Will you split your time between Ireland and London now?
As Wildflower gets up and running I’ll be spending most of my time in London, but be going up to Dublin occasionally too. I do a lot of work up there, and my girlfriend lives there. Wildflower is in such good hands and I’m thrilled with the team we’ve got on board who’ve come from some of the world’s best restaurants: Reuben, Wildflower’s fantastic head chef, has worked in the kitchens of Mugaritz and Ramsay’s Petrus so a real fine dining aficionado! Elizabeth Alvarez, our head front of house has worked with the Roca brothers, and Matteo, our GM at the exceptional Tickets in Barcelona.
Just how do you go about opening a fine dining restaurant in a shipping container?

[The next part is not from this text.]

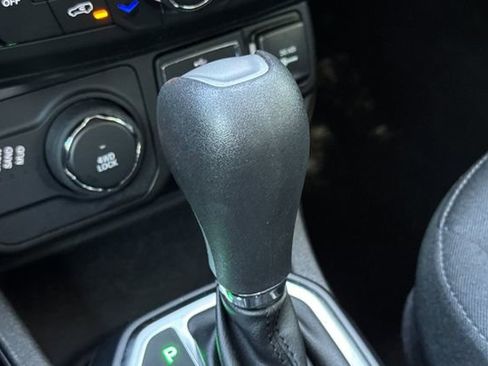 Used 2023 Jeep Renegade Latitude AWD/4WD image 34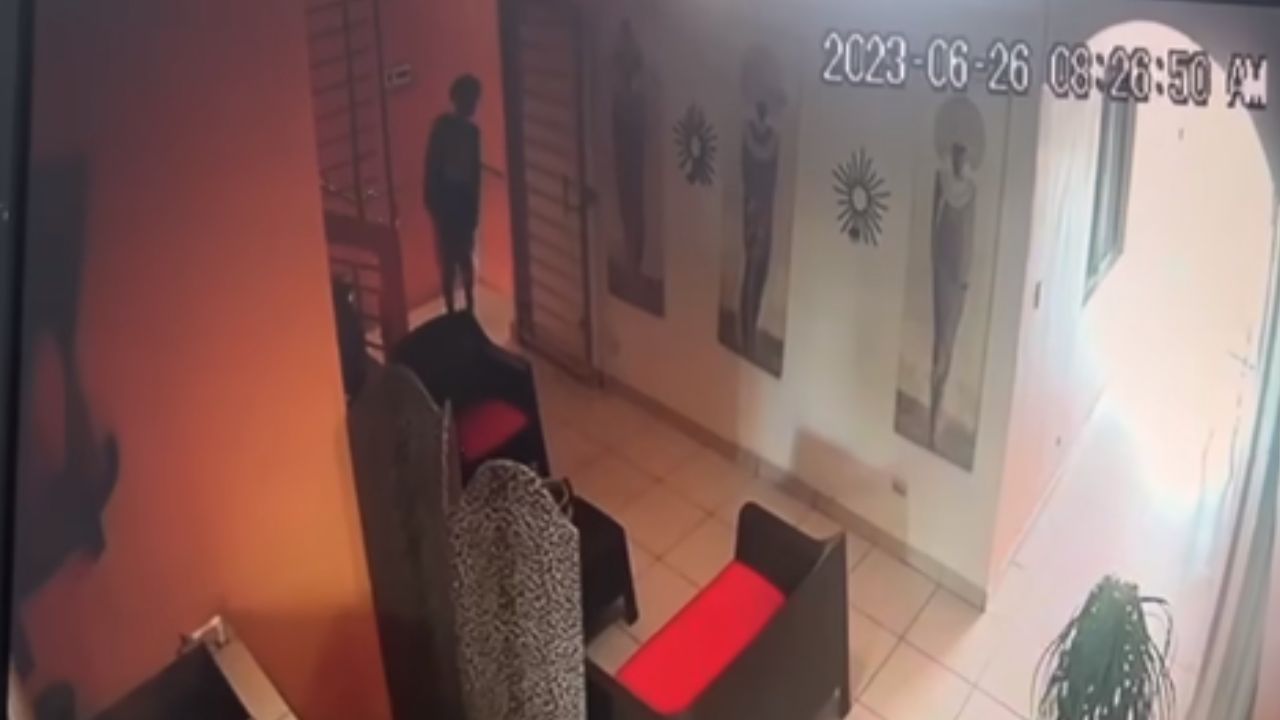Imagen de ¿Solo se llevó papeles? Captan a supuesto ladrón que entró a robar a un salón de belleza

Our first look at ‘the venue’ was a trip to a field just outside London, with a load of abandoned rusty shipping containers with the sides broken off. It was honestly really hard to see how we were going to turn them into the home for our vision. Anyway, imagination is a blessing and we picked two containers which we welded together to form the shell of Wildflower. The hardest challenges we found in making a fine dining restaurant out of a 603sq ft container were, naturally: space, plumbing, electrics and making it leak proof.